Rare disease patients and behavioral health experts agree there’s no simple answer. Dr. Nancy Irwin, a Los Angeles-based clinical psychologist, suggests holding off until a relationship shows signs of becoming long term.

“This is not first-date material,” she said.

Irwin recommends waiting for signs that things are moving in a serious direction, like if you’re discussing committing to an exclusive relationship.

“A gracious way to approach the topic is to state: ‘I need to share something with you. This may be a deal breaker for you, but I have a chronic illness. Here's how it affects my life, and how it may affect yours,’" she said.

For Schmidt, the right time was on her fifth date with someone because they seemed to be “moving into relationship territory.” She didn’t hide anything, she said, but she waited until she and the man she was dating were both emotionally involved and contemplating a long-time future.

Schmidt also wanted to disclose at a time when it seemed like a natural part of a conversation. That happened when he volunteered to cook breakfast for her.

“He commented on how healthy I eat and that's when I figured I could tell him why sticking to a healthy diet was so important for me,” she recalled. 

The decision to share opens the door to many questions:

  • Do you have physical limitations?
  • Is your condition hereditary and how might that impact plans for having children?
  • Do you expect your health to get better, get worse, or stay the same?

“Be prepared for the conversation to go either way,” said Shelley Meche'tte, a California-based certified life purpose coach and self-awareness expert. “Put all of your cards, including the scary ones, out on the table.”

It puts you in a vulnerable position, so broach the subject before you’re head over heels in love, said Craig K. Svensson, dean emeritus of the Purdue University College of Pharmacy and author of When There Is No Cure: How to Thrive While Living with the Pain and Suffering of Chronic Illness.

For some, the dilemma might be compounded by disappointments and broken hearts that came before, he said.

Allie Schmidt in family photo with husband and 1-year-old son
Allie Schmidt with her husband and 1-year-old son

“Have you revealed your illness to others and watched them withdraw from you as a result?
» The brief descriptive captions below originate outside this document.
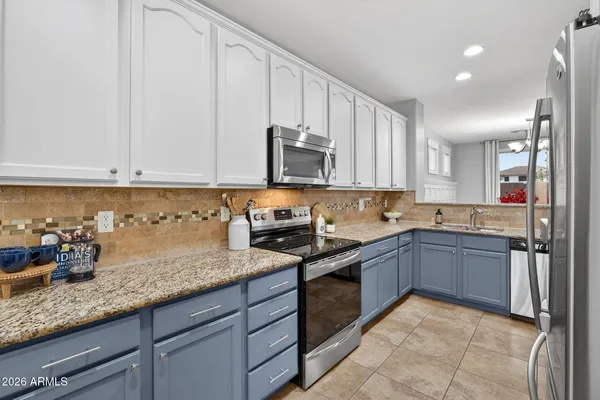 $600,000 | 4052 East Milky Way, Gilbert, AZ 85295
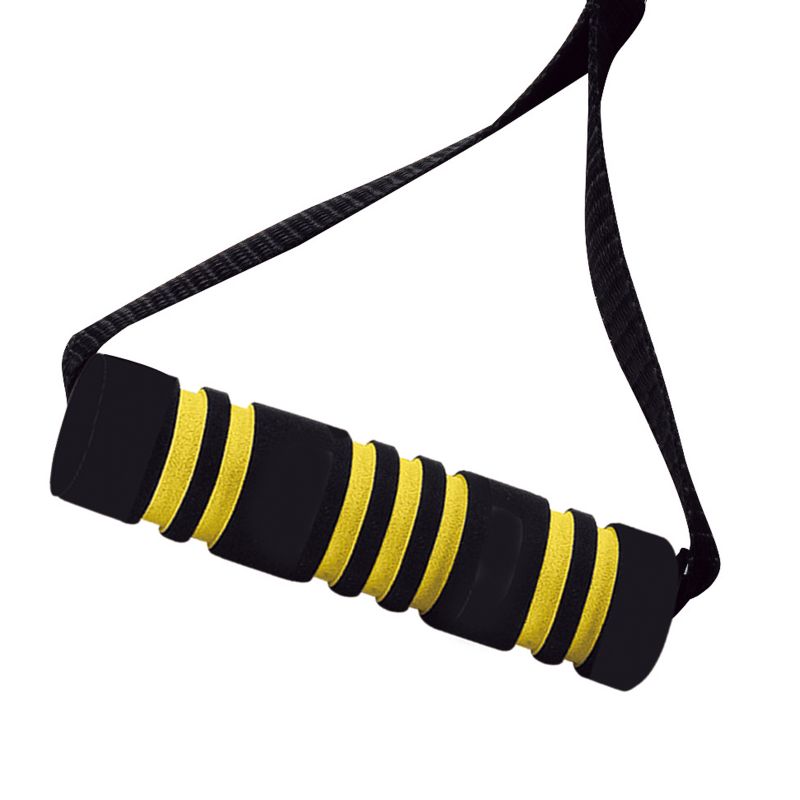 FITNESS 43 CM BB 2320 rubber set Accessories/Training equipment Your Sports Performance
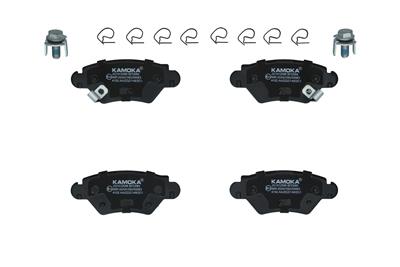 KAMOKA JQ1012588 Číslo výrobce: 23262. EAN: 5908234613520.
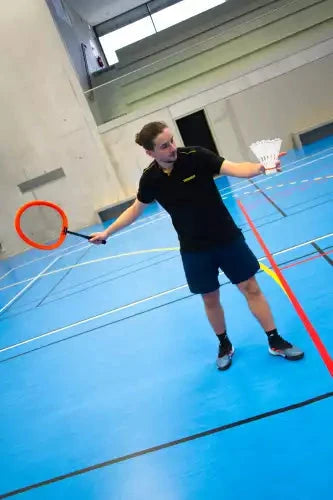 JUEGO DE BÁDMINTON PLAYA XXL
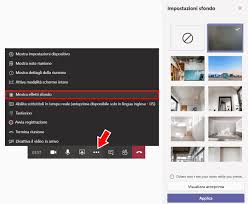 Sfondi Personalizzati Per Microsoft Teams Dai Colore Alle Tue Video Call Eos Solutions Sfondi natalizi gratis, le risorse dal quale attingere per scaricare sfondi di natale. sfondi personalizzati per microsoft
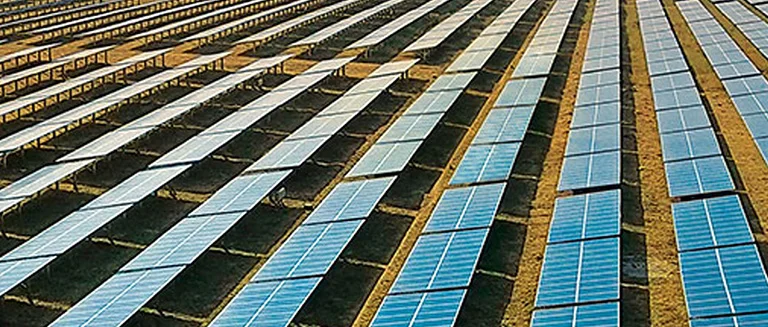 Developing Clean Green Energy Solutions in India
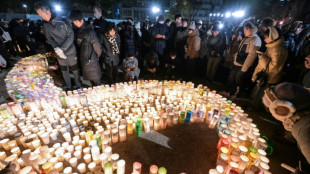 Le Japon marque le 30e anniversaire du s&eacute;isme meutrier de Kobe, le risque toujours pr&eacute;sent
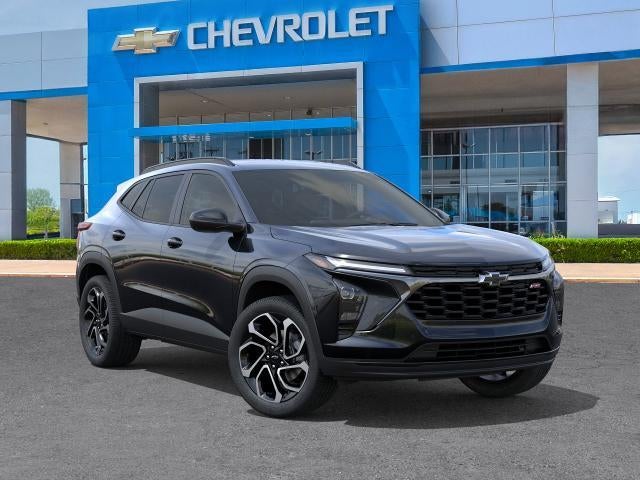 2026 Chevrolet Trax RS - Photo 33
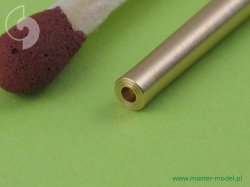 画像6: MASTER[SM-350-022]IJN Mikasa armament - 30,5cm (4pcs), 15,2cm (14pcs) barrels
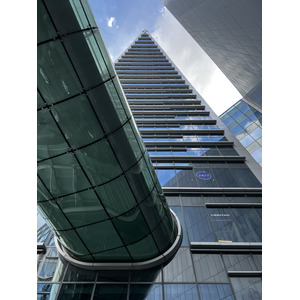 Photo Singapour Rue Orchard 2023-01 12
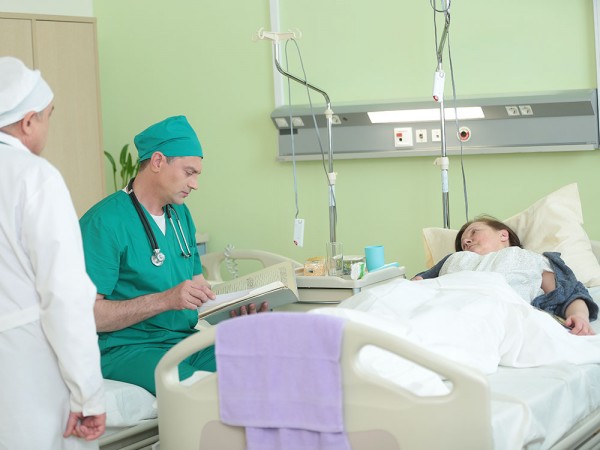 Неразрезанные страницы (4)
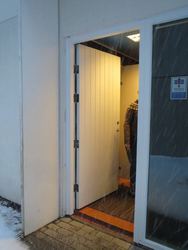 Fljótsdalshérað - Nýung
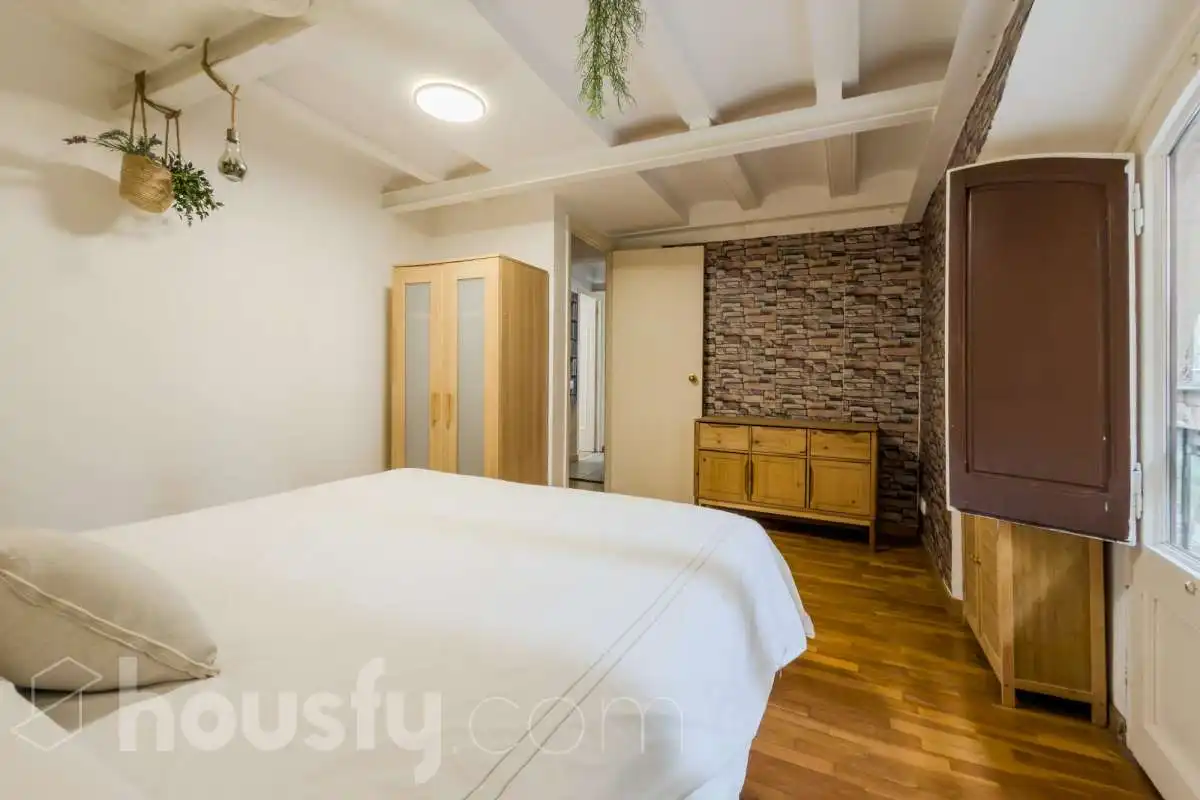 Wohnung mit Aufzug zum Verkauf in Carrer de la Princesa ., imagen 10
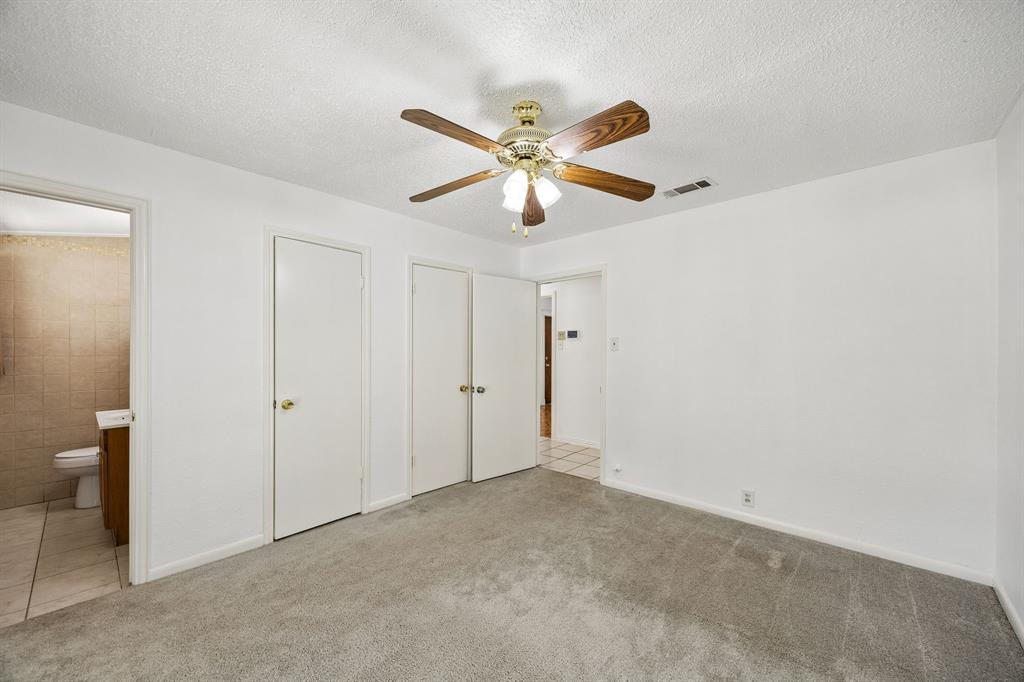 Ridgecrest Village - Residential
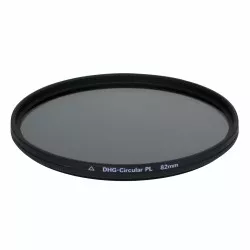 Dörr DHG Pol zirkular       82mm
How a person responds to your illness will tell you something important about them and what they prioritize in a relationship,” Svensson said.

In choosing who truly offers partnership potential, look beyond a great smile and a keen sense of humor. Can you trust them with details about your illness if things don’t work out?

“How would you feel if the person knew about your illness if you were no longer in a relationship? Remember that you cannot expect people to forget information you have shared with them,” he said.

Schmidt recalls three encouraging characteristics in the man she was dating. He was confident, open minded, and had a proclivity for helping others. When she told him the truth, he accepted her and her illness. Today, they are happily married and have a 1-year-old child. But their married life has had its share of difficulties. Her disease has progressed and she can no longer drive. She relies on her husband for help around their home in Nashville.

Schmidt, who writes a blog about her life as a wife and mother with a chronic illness, says she’s glad she took a chance on love.

“He was compassionate and appreciated me and telling him about my health,” she said “He said that it didn't make him feel any different about me.”